-
Joseph Proust
In 1799, Joseph Proust discovered the Law of Definite Proportion which states that a chemical compound always contains exactly the same proportion of elements by mass. -
John Dalton
In 1800, he developed the atomic theory. -
Amedeo Avogado
In 1811, Avogadro's law states that equal volumes of all gases at the same temperature and pressure contain the same number of molecules. -
Dmitri Mendeleev
In 1869, Mendeleev created the first periodic table of elements, and he used it to predict the elements not discovered yet. -
JJ Thomson
In 1869, Thomson and his two partners, John S. Townsend and H. A. Wilson, performed experiments indicating that cathode rays were unique particles. They discovered the electron. -
Marie Curie
In 1898, Marie and her husband Pierre wrote a paper revealing the existences of radioactivity and two elements, polonium and radium. -
Hans Geiger
In 1909, Hans Geiger was the co-inventor of the Geiger counter and participated in the Geiger-Marsden experiment which discovered the Atomic nucleus. -
Niels Bohr
In 1913, Niels Bohr discovered that electrons resided in levels with the energy determined by electron's orbits around the nucleus.
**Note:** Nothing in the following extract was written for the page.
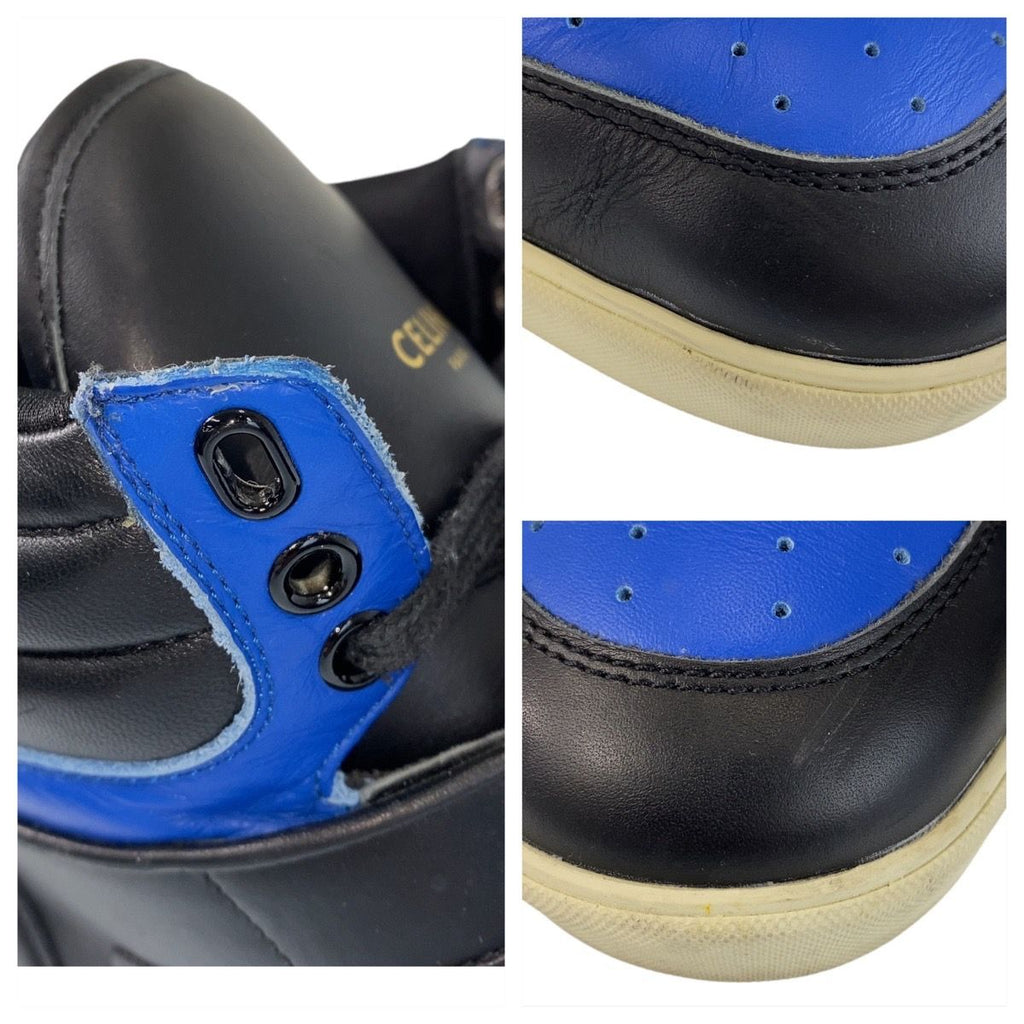 Celine 43 Blue Black Leather Sneakers High Cut — view 5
He believed that the electrons could move between the levels by absorbing photons at specific frequencies. -
Ernest Rutherford
In 1914, Rutherford discovered that the structure of an atom has a nucleus of positive charges surrounded by the negatively charged electrons. -
Enrico Fermi
In 1939, Fermi and his partner Leó Szilárd created the first artificial self-sustaining nuclear chain reaction.